TO DO: Return the lines from the line containing "Algunas capturas de" onward. Each must match exactly, and the last line of the listing below must be included.

Start of Block

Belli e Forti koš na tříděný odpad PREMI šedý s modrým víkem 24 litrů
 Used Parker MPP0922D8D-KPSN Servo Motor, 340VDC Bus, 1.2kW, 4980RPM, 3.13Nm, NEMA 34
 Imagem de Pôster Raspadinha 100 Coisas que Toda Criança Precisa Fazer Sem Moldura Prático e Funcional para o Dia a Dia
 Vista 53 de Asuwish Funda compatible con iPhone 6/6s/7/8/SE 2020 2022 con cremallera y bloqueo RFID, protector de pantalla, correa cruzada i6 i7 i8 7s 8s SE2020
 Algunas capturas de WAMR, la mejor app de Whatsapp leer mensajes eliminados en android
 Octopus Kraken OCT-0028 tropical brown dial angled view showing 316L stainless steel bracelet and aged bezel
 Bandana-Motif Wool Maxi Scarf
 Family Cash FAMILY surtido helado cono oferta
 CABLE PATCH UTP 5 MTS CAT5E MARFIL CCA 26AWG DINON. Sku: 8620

End of Block

WRITTEN RESPONSE:
 Algunas capturas de WAMR, la mejor app de Whatsapp leer mensajes eliminados en android
 Octopus Kraken OCT-0028 tropical brown dial angled view showing 316L stainless steel bracelet and aged bezel
 Bandana-Motif Wool Maxi Scarf
 Family Cash FAMILY surtido helado cono oferta
 CABLE PATCH UTP 5 MTS CAT5E MARFIL CCA 26AWG DINON. Sku: 8620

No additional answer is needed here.